## Requirement:
What is needed is an exact copy of the entries below, with the pictures left out.

## Data for processing:
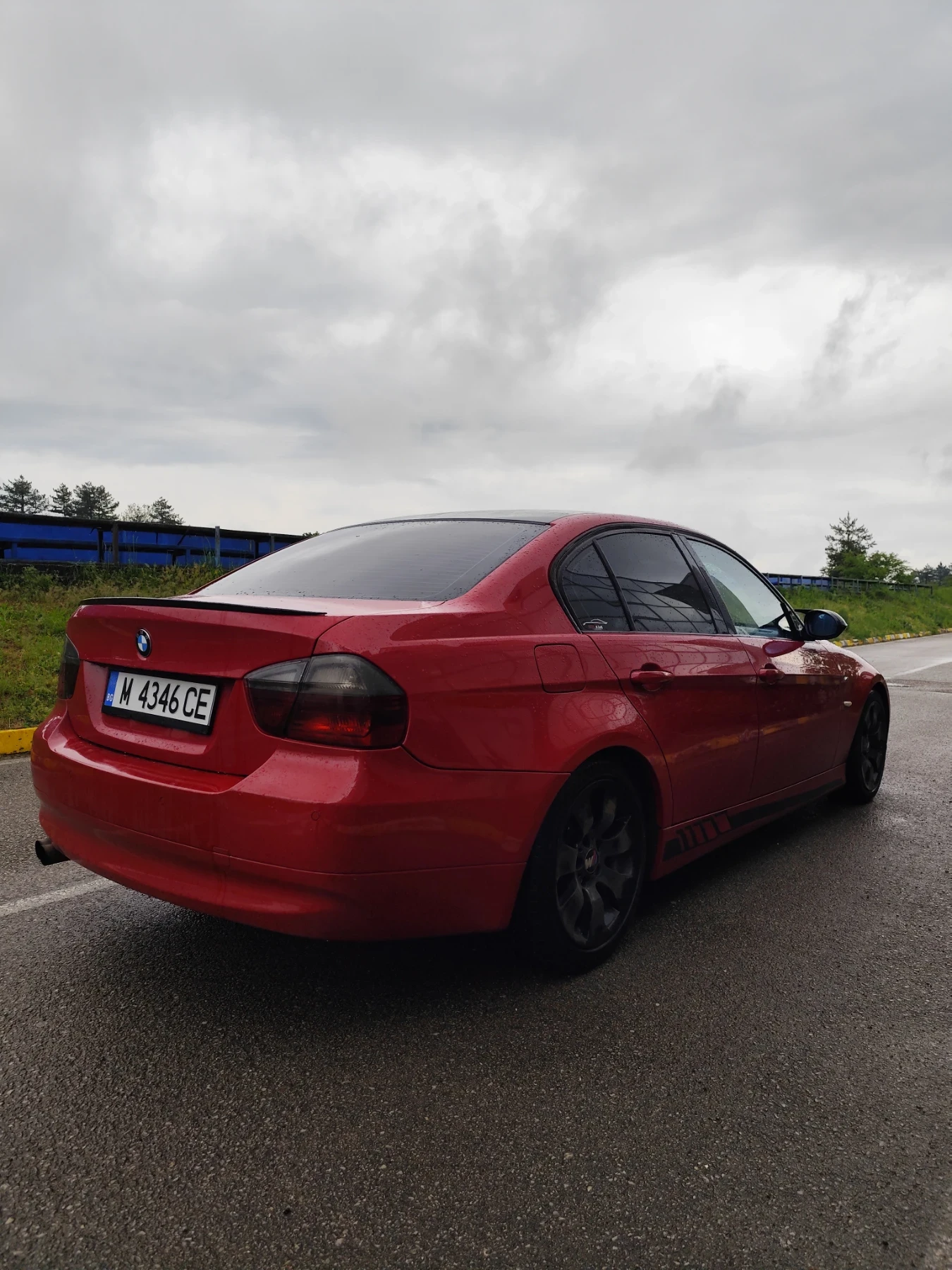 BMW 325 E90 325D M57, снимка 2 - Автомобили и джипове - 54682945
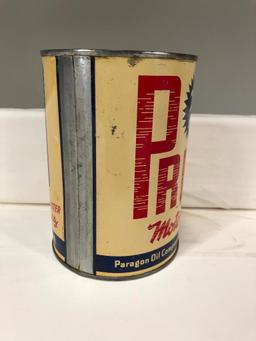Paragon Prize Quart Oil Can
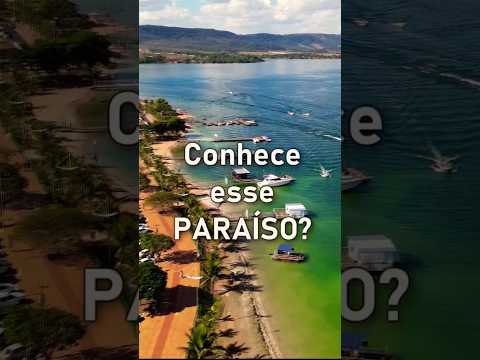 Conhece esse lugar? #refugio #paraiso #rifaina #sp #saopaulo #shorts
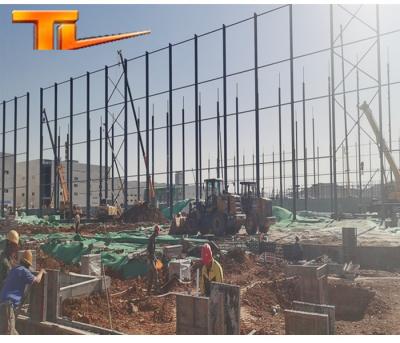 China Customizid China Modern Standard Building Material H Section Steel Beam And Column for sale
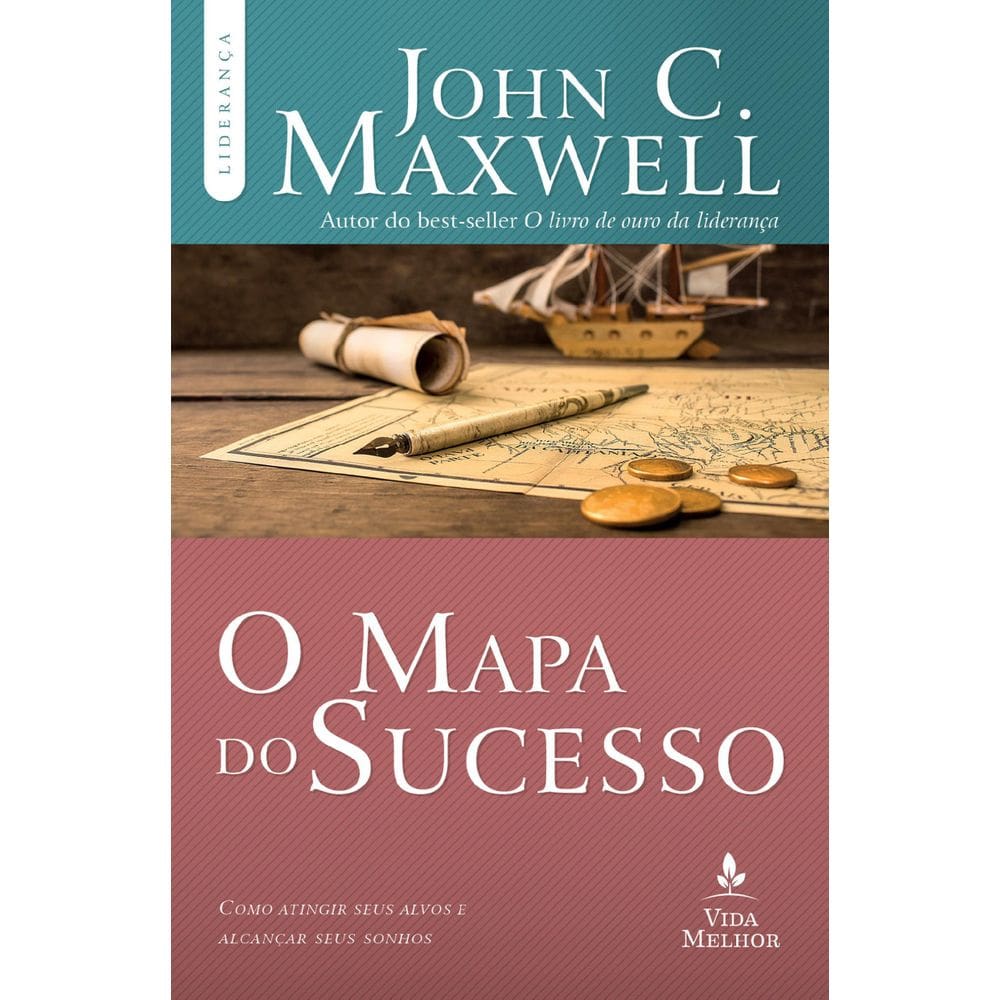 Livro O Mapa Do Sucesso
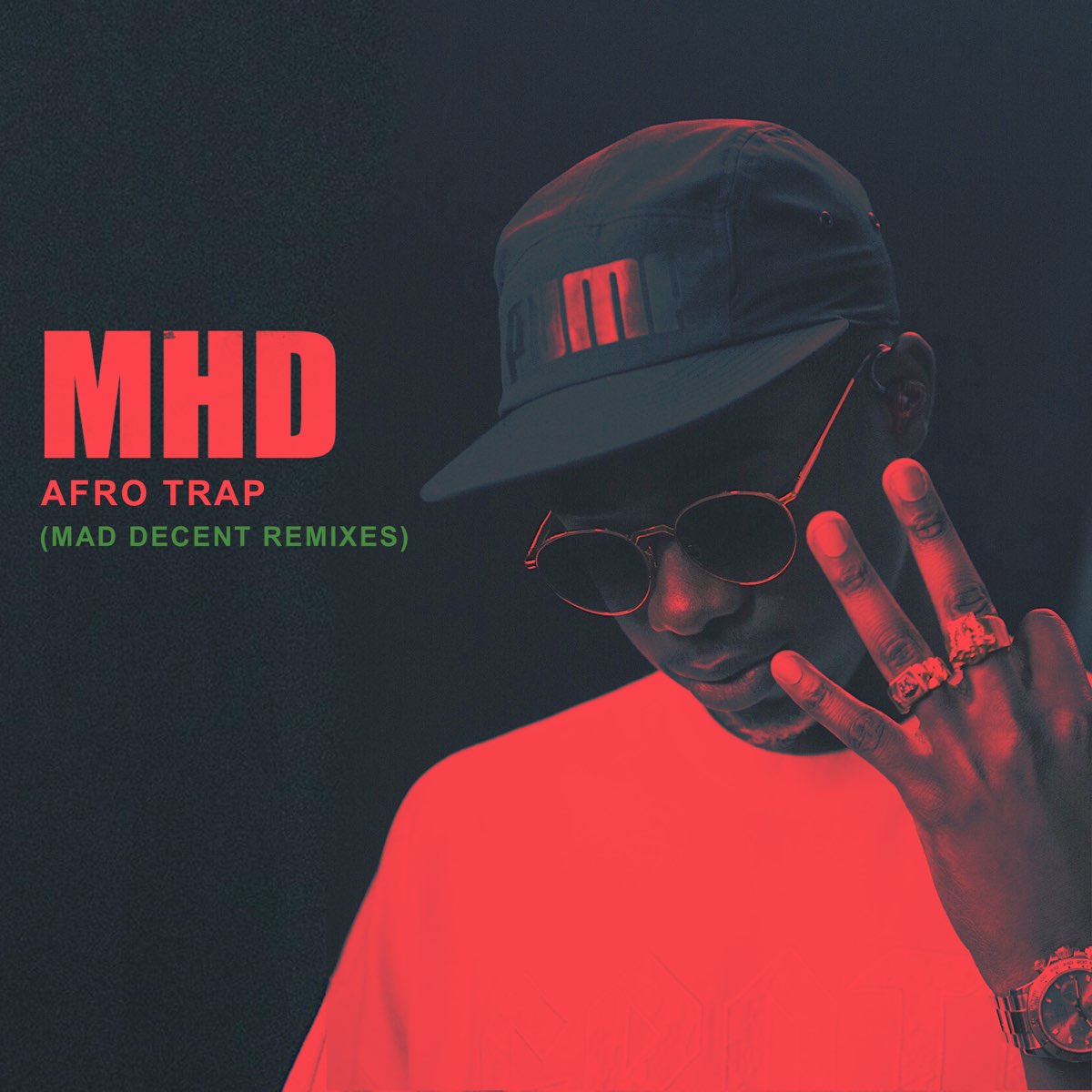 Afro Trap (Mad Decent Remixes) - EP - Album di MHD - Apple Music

## Solution below:
 BMW 325 E90 325D M57, снимка 2 - Автомобили и джипове - 54682945
Paragon Prize Quart Oil Can
 Conhece esse lugar? #refugio #paraiso #rifaina #sp #saopaulo #shorts
 China Customizid China Modern Standard Building Material H Section Steel Beam And Column for sale
 Livro O Mapa Do Sucesso
 Afro Trap (Mad Decent Remixes) - EP - Album di MHD - Apple Music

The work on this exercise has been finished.